Under Sargon II (721-705) the Assyrians renewed their conquests in the east. Towards the year 720 the extreme north (the territory beyond Lake Urmia) was occupied by Urartu. In the following years northwestern Iran became the main arena of the struggle between Assyria and Urartu. The king of Urartu, Rusa I, strove to bring over to his side against Assyria the rulers of the still existing small dominions, while the Assyrians were in alliance with the king of Manna. In the year 719 two cities of Manna rose against Iranzu, king of that country. Sargon swiftly quelled the rebellion. In the year 716 Rusa I captured twenty-two Mannean strongholds and induced Dayaukku, a governor of a province of Manna, to secede from Assyria. In order to put an end to the influence of Urartu and of its ally Zikirtu on the affairs of Manna, Sargon II undertook a number of expeditions, of which the most important were the sixth and the eighth.
The sixth expedition in 716 is described in the annals and more in detail on Sargon’s stele found in western Iran. About that time the Manneans ceased to obey Iranzu, who must have perished during the rebellion in Manna, as he is no longer mentioned in the texts. While Sargon was continuing his campaign, two Mannean princes overthrew Aza, son of Iranzu. Sargon immediately intervened and set upon the throne in the place of Aza, who had probably died by that time, Ullusunu, another son of Iranzu. However, Ullusunu immediately seceded and attempted to form an alliance with Rusa. Sargon captured Izirtu, the capital of Manna, and after quelling the rebellion restored the throne to Ullusunu, who surrendered.
After seizing much plunder in Manna, Sargon went to the province of Karalla situated on the headwaters of the Lesser Zāb. Aššur-leʾū, prince of Karalla, who had joined the Urartian coalition, was defeated and skinned alive. Karalla was annexed to the province of Lullume (a synonym of Zamua). Itti, the ruler of Alabria, also suffered as a supporter of Urartu and was banished to the west. He was replaced in Alabria by Bēlapaliddina, who became a loyal vassal of Assyria. During that campaign Sargon also attached a number of provinces to Parsua and seized and created a new province of Kišesim, after which he occupied Ḫaṛḫar, which became the center of another new province. Some regions of western Media were annexed to Ḫaṛḫar. Later the Assyrians created here the provinces of Kār-Kašši (or Bīt-Kāri), Saparda, and Mādāya (Media), which retained to a great extent their internal independence.

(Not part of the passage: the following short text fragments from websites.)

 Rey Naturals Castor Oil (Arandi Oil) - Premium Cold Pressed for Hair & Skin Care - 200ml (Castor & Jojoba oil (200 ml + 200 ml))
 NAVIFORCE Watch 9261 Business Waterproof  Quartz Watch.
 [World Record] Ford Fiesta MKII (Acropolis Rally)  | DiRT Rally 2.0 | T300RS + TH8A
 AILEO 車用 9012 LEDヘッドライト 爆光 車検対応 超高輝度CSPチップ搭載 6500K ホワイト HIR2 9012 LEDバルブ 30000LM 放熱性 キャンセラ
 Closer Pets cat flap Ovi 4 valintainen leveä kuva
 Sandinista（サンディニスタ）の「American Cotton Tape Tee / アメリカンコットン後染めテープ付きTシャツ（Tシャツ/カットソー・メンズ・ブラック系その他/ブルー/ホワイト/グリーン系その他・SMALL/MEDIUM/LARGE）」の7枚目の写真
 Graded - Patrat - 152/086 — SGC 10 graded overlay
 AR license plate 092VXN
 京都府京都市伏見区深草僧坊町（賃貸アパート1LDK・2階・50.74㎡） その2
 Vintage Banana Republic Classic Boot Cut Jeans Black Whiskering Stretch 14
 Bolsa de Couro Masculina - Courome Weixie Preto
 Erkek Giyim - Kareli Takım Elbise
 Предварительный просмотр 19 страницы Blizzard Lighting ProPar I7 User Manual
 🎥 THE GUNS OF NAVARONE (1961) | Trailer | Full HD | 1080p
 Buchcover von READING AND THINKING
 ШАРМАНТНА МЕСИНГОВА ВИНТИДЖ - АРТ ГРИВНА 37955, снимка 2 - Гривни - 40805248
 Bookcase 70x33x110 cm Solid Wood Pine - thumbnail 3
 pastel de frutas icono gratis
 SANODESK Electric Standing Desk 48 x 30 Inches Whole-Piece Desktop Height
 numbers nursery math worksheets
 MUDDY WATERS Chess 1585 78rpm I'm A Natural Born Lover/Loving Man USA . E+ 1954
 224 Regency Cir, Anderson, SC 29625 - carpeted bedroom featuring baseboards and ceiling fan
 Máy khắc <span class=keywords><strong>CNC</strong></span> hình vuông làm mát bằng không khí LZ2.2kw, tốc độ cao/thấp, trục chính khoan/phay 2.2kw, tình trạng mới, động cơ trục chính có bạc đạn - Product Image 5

In 715 Sargon undertook another expedition to the territory of Manna. Dayaukku, the rebellious leader of the Mannean province of Missi, was captured and banished to the Syrian province of Hamath. Provinces that the Urartians had formerly taken from Manna were reincorporated into Manna.
In 714 Sargon turned against Urartu, making his famous eighth campaign, a lengthy account of which he addressed to the god Aššur. Collecting tribute from the small rulers on his path, Sargon marched to the east along the southern borderlands of the Mannean kingdom which supplied the Assyrian army with provisions stored for that purpose in Mannean strongholds. Next Sargon invaded the territory of Zikirtu (east of northeast of the centers of Manna) and utterly devastated this country and its capital Parda, as well as a dozen strongholds and eighty-four small settlements. Mitatti, the ruler of Zikirtu, who was the principal ally of Rusa, retreated with his forces to join the army of the Urartian king that was advancing to meet the Assyrians. The decisive battle took place near Mount Uauš. Rusa and Mitatti suffered a crushing defeat. The Assyrian army, plundering, burning, and destroying everything on its way, raided the Urartian possessions around Lake Urmia. The lands on the southeastern shores of Lake Urmia and in neighboring regions, seized by the Urartians during the struggles of the preceding years, were annexed or returned to Manna. The influence of Urartu in the Zagros was now removed and Assyrian supremacy established there, not to be challenged until the times of Asarhaddon (680-669 B.C.). However, as subsequent events were to show, the strengthening of Manna held a hidden danger for Assyria.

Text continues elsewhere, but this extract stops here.